No pictures in the copy. Write out the listing below exactly.

______

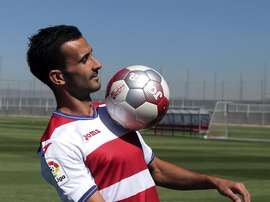 Saunier no estará ante el Almería. EFE
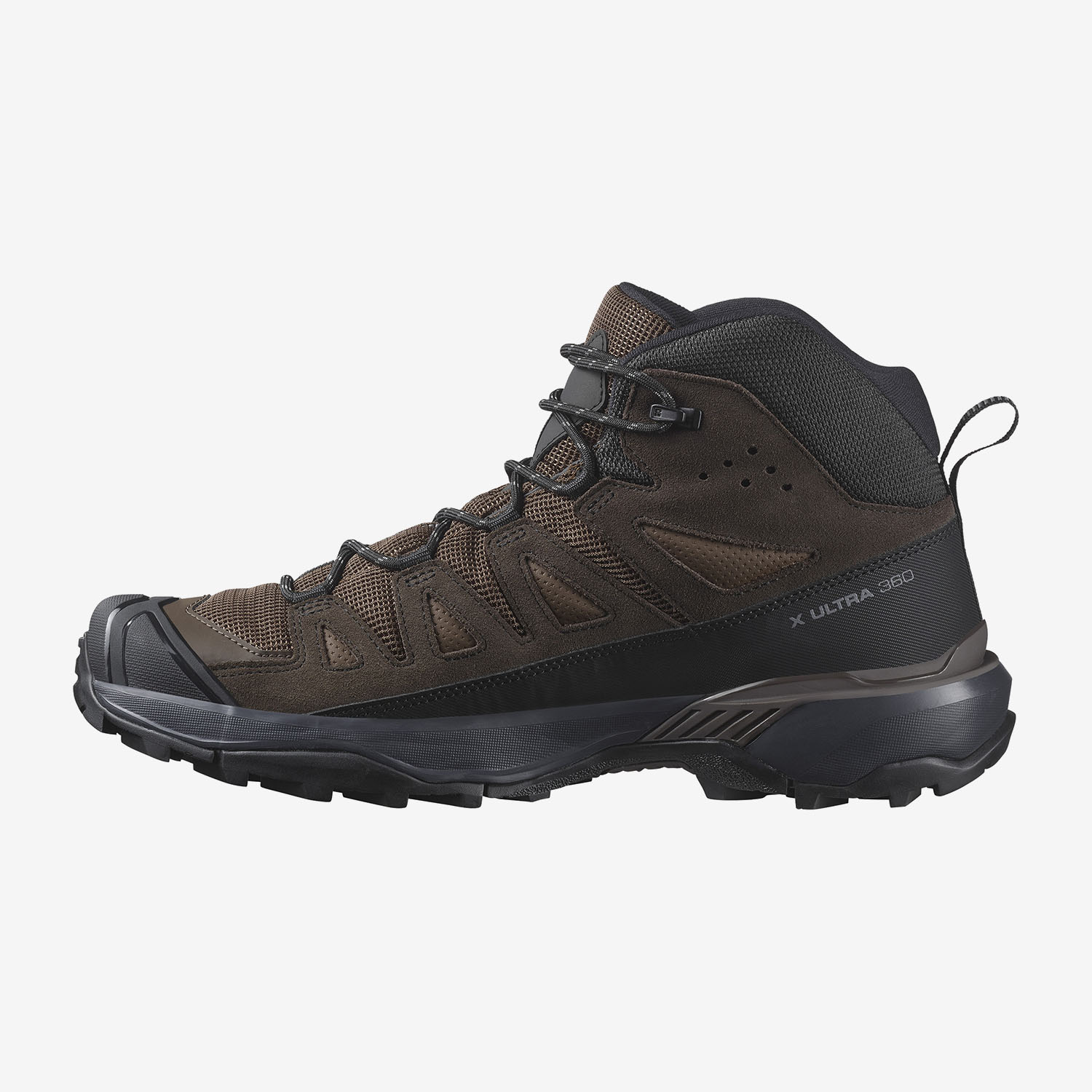 Salomon Men's Shoes X ULTRA 360 LTR MID GTX Brown / GREY - Image 6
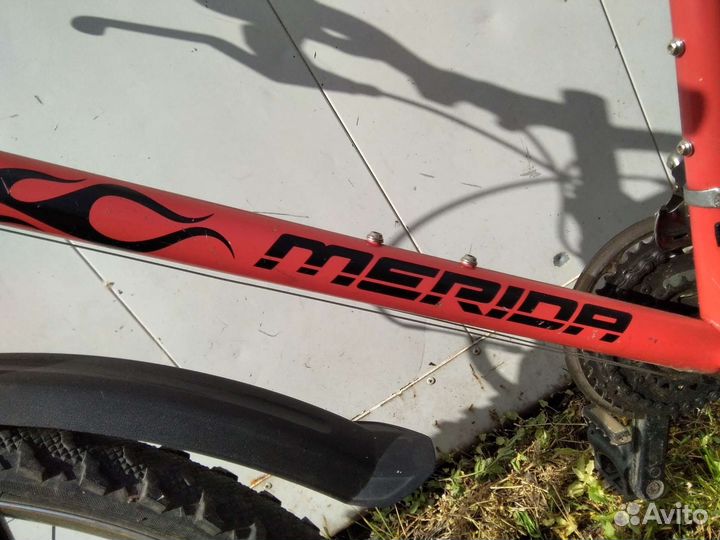 Велосипед мерида колеса 26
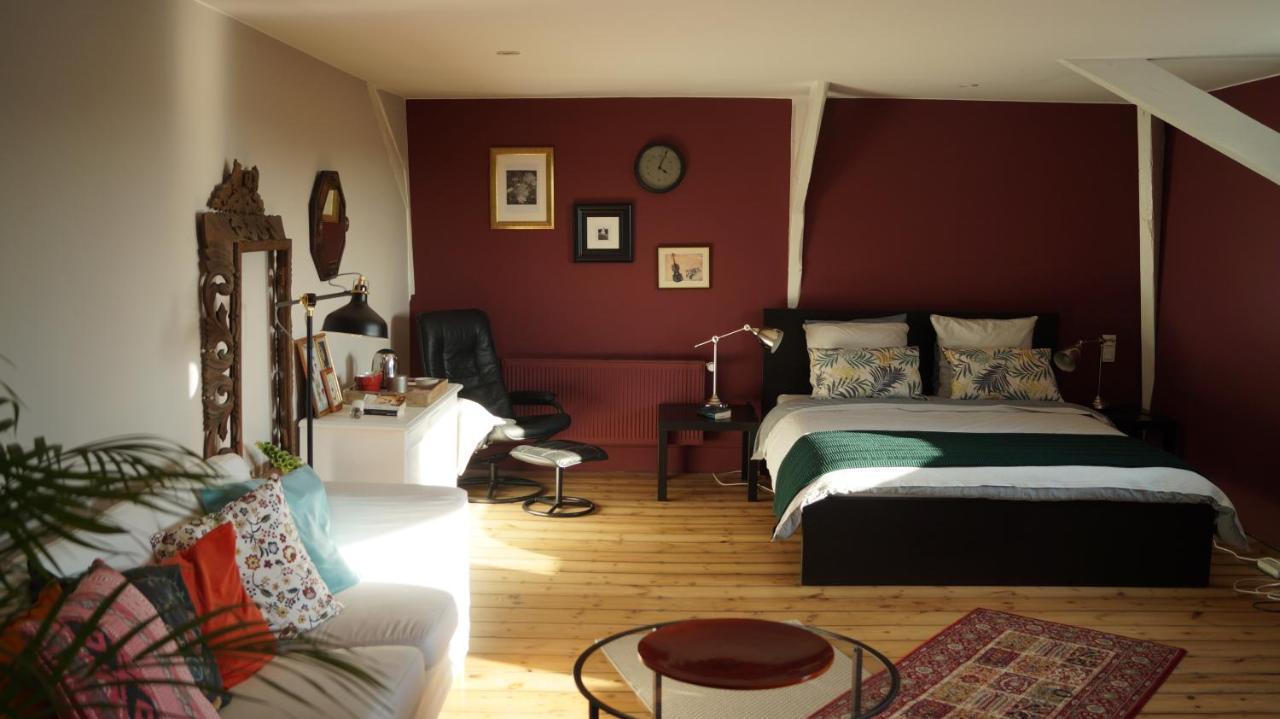 Bed and Breakfast Les Terrasses De Templeuve Exterior foto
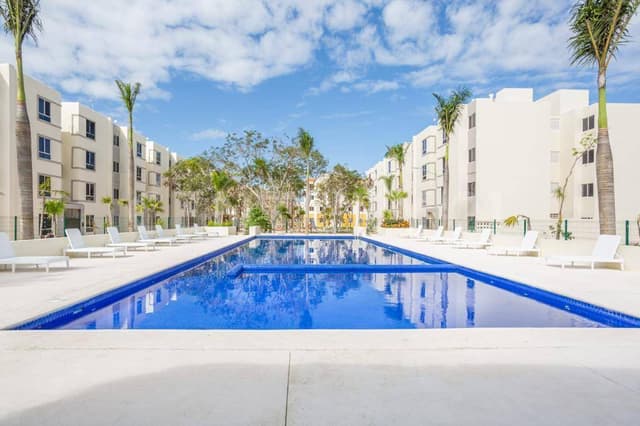 DEPARTAMENTO AMUEBLADO EN VENTA EN ALDEA TULUM EN TULUM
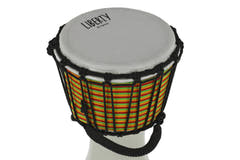 GEWA Djembé Liberty Series accordé par corde - 7" White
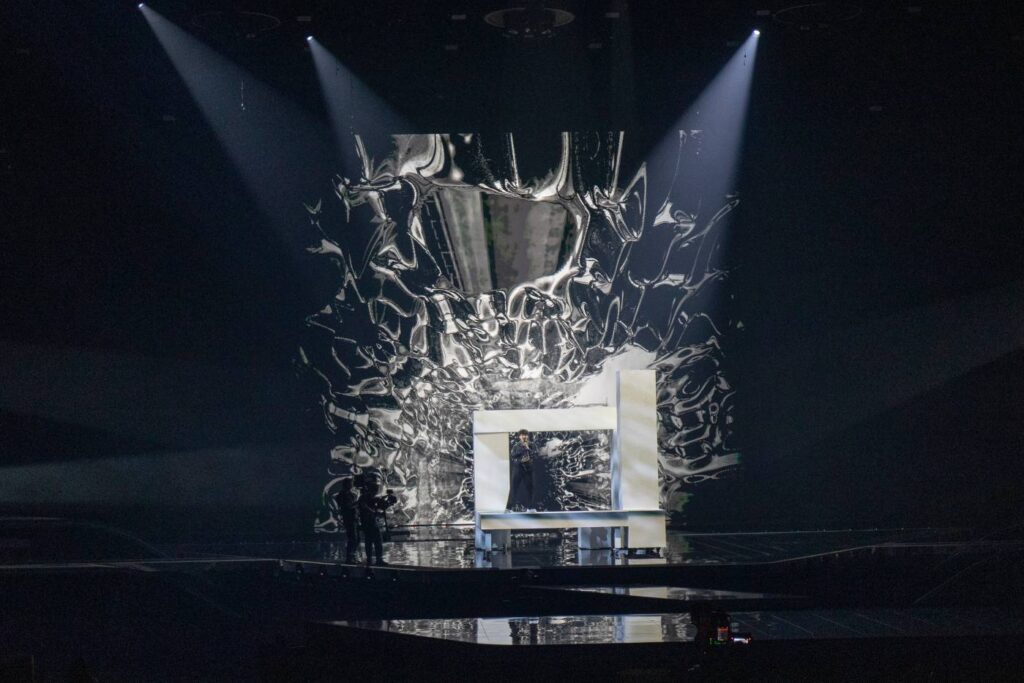 Gjon’s Tears - Switzerland - Eurovision 2021 - © EBU - Andres Putting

______

[Reply to the task]
 Saunier no estará ante el Almería. EFE
 Salomon Men's Shoes X ULTRA 360 LTR MID GTX Brown / GREY - Image 6
 Велосипед мерида колеса 26
 Bed and Breakfast Les Terrasses De Templeuve Exterior foto
 DEPARTAMENTO AMUEBLADO EN VENTA EN ALDEA TULUM EN TULUM
 GEWA Djembé Liberty Series accordé par corde - 7" White
 Gjon’s Tears - Switzerland - Eurovision 2021 - © EBU - Andres Putting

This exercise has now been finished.